National Endowment for the Arts - The Big Read
Old School

Old School

by Tobias Wolff

There is a need in us for exactly what literature can give, which is a sense of who we are… a sense of the workings of what we used to call the soul.


Teachers may consider the ways in which these activities may be linked to other Big Read community events. Most of these projects could be shared at a local library, a student assembly, or a bookstore.

  1. Show the class a film set at a prep school — A Separate Peace (1972), Dead Poets Society (1989), School Ties (1992), or The Emperor's Club (2002). How does the movie's portrayal of the prep school experience compare with that of the novel?
  2. On page 29 the narrator tells the story of the Blaine Boys. Are there any interesting stories in your school's history? Research the school's background and make a public presentation of your findings, with illustrations if possible.
  3. Divide the class into three groups and have each group prepare a presentation on one of the three real-life authors who figure in the novel.
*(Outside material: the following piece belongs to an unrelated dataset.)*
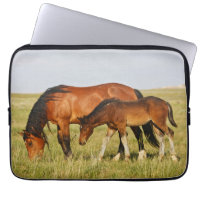 Wild Horse Mother and Colt Grazing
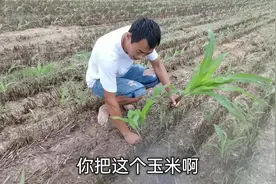 小伙今天给大家说一下，玉米移苗的最佳时期，你们看呢视频封面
Each presentation should include biography, photographs and other illustrations, a display of books by the author, and the reading of excerpts from the author's work.
  4. Show your class the 1949 film of The Fountainhead, starring Gary Cooper and Patricia Neal. Following the screening, lead a class discussion to explore how well the movie matches up with the portrayal of Rand in Old School. (Research the degree of Rand's participation in the making of the film and what she thought of the finished product.)
  5. Have a drama day in class. Divide the class into four groups, and have each group prepare and mount a staged version of one of the following: Frost's "Death of the Hired Man," published in North of Boston (1914); Hemingway's "Hills Like White Elephants," published in Men Without Women (1927); a scene from Rand's play Night of January 16th (1934); or the expulsion scene from Old School.